Output the data below only from the line containing "В Кирове начали украшать Театральную площадь" up to and including the line containing "511 Conarroe Street", exact and with the pictures left out.

Material for this task:
◇ ◇ ◇ ◇

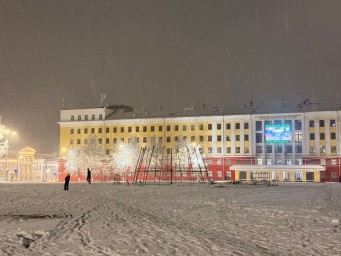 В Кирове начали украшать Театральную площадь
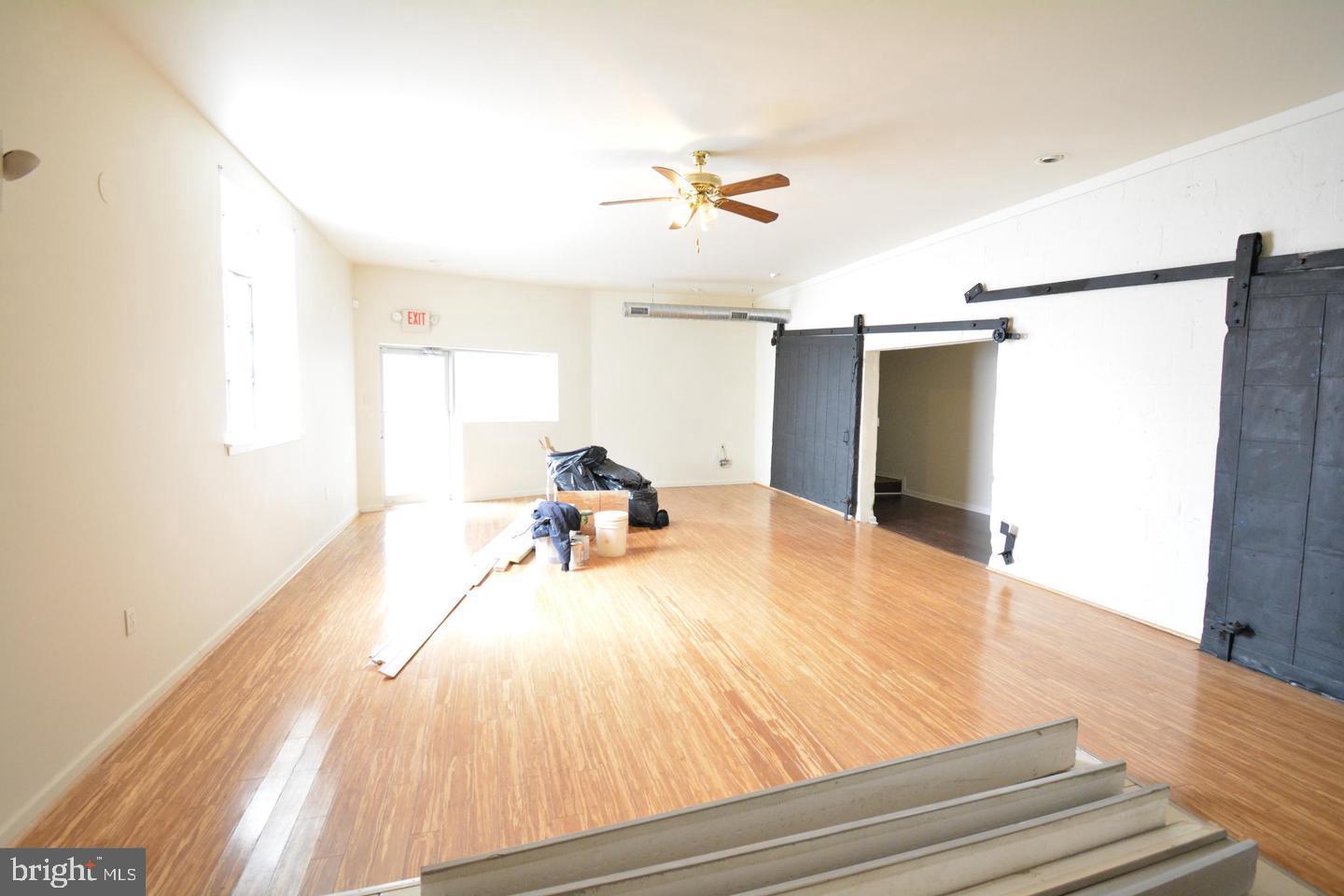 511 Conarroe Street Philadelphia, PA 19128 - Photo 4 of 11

◇ ◇ ◇ ◇

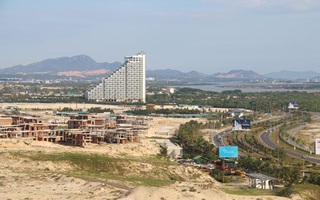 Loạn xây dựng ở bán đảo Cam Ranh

◇ ◇ ◇ ◇

Output of the task:
 В Кирове начали украшать Театральную площадь
 511 Conarroe Street Philadelphia, PA 19128 - Photo 4 of 11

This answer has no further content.